As per usual, sports stars, artists and scientists featured heavily on this year's Australia Day honours list. But lurking amongst the deserving do-gooders were some seriously powerful players.
Lawyer and former attorney-general Lavarch's "distinguished service to the law and legal education" has seen him appointed an Officer (AO) of the Order of Australia.
Lavarch, from Spring Hill, Queensland, was attorney-general from 1993 to 1996. He's best known for initiating an inquiry into the separation of Aboriginal children from their families that eventually led to Kevin Rudd's apology to the Stolen Generations. He is currently executive dean of law at Queensland University of Technology, chairman of the Financial Ombudsman Service and a director of the Australian Energy Market Operator.
Lavarch is also one half of power couple Behrendt/Lavarch. Last year he married Larissa Behrendt, professor of law at the University of Technology, Sydney and chair of the Gillard government's review of indigenous higher education.
Infrastructure and events heavyweight Eddington has been made an Officer (AO) of the Order of Australia for his "distinguished service to business and commerce".
As well as being directly responsible for literally changing the face of Melbourne, Eddington holds further key positions – director of China Light and Power, board member of John Swire and Sons, chair of the Victorian Major Events Company and director of both the Victorian Government Asia Advisory Committee and the Victorian Business Round Table.
The Honourable Justice Virginia Bell has been made a Companion (AC) of the Order of Australia for "eminent service to the judiciary and to the law". Bell has been a Justice of the High Court of Australia since 2009 and prior to that she was a judge at the Supreme Court of NSW from 1999.
Bell, who lives in Sydney, began her career as a solicitor in 1978 and was a volunteer legal officer at Redfern Legal Centre from 1987 to 1994. She is also well known for her gay rights campaigning – she took part in the first Mardi Gras rally in Sydney in 1978 and is the first lesbian to serve in the High Court.
The business and steel industry highflyer has been appointed an Officer (AO) of the Order of Australia for "distinguished services to business".
Every, from Sydney's Elizabeth Bay, is chairman of building company Boral and a non-executive chairman of Wesfarmers. He had held top positions in steel companies including Sims Group, OneSteel and BHP Steel.
Arts power player Simon Mordant has been appointed a Member (AM) of the Order of Australia for "services to the arts and to the cultural environment of Australia".

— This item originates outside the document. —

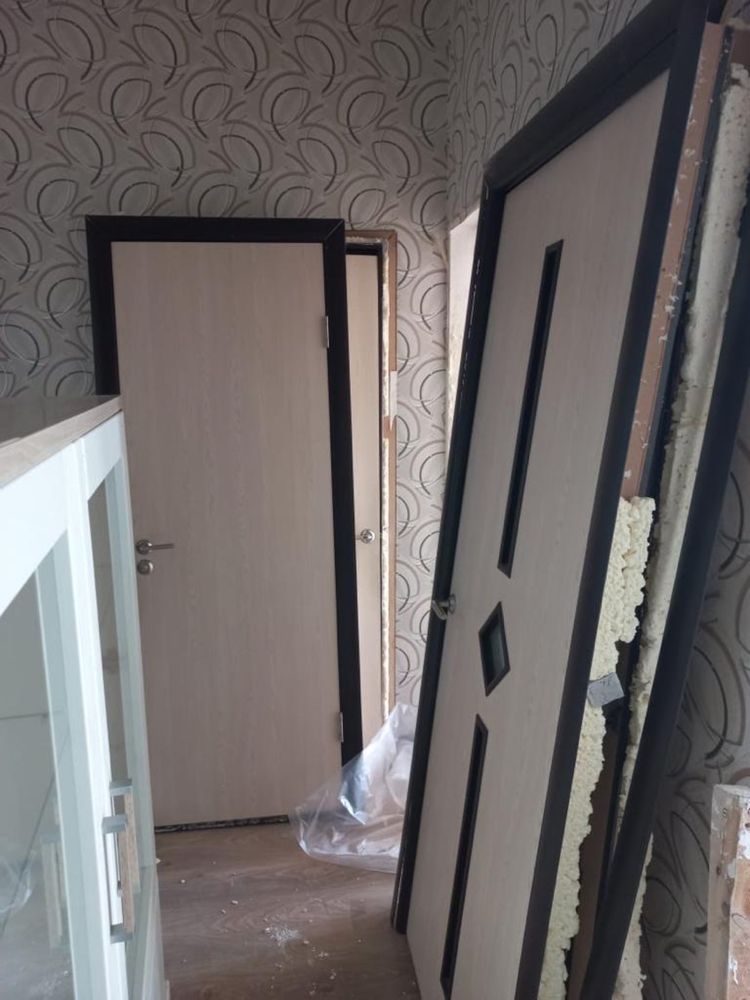 Межкомнатные двери продаю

Mordant, who lives in Darling Point, Sydney, holds influential positions with Sydney's Museum of Contemporary Art and the Australian Venice Biennale. He is chairman of the MCA and the MCA Foundation (and he has frequently hit the headlines since he made a $15 million donation to help redevelop the MCA), and a director of the Sydney Theatre Company.
The former head of the Department of Prime Minister and Cabinet has been made a Companion (AC of the Order of Australia for his "eminent service to the community through public sector leadership", in recognition of his work on policy development, program delivery and effective governance.
A born-and-bred Melburnian, Moran was considered Australia's leading public servant up until his retirement in August 2011. From March 2008 until August 2011, he headed the Department of Prime Minister and Cabinet under the Rudd and then the Gillard governments.
Moran is still an influential player behind the scenes: he was appointed chairman of Sydney's Barangaroo Delivery Authority last August.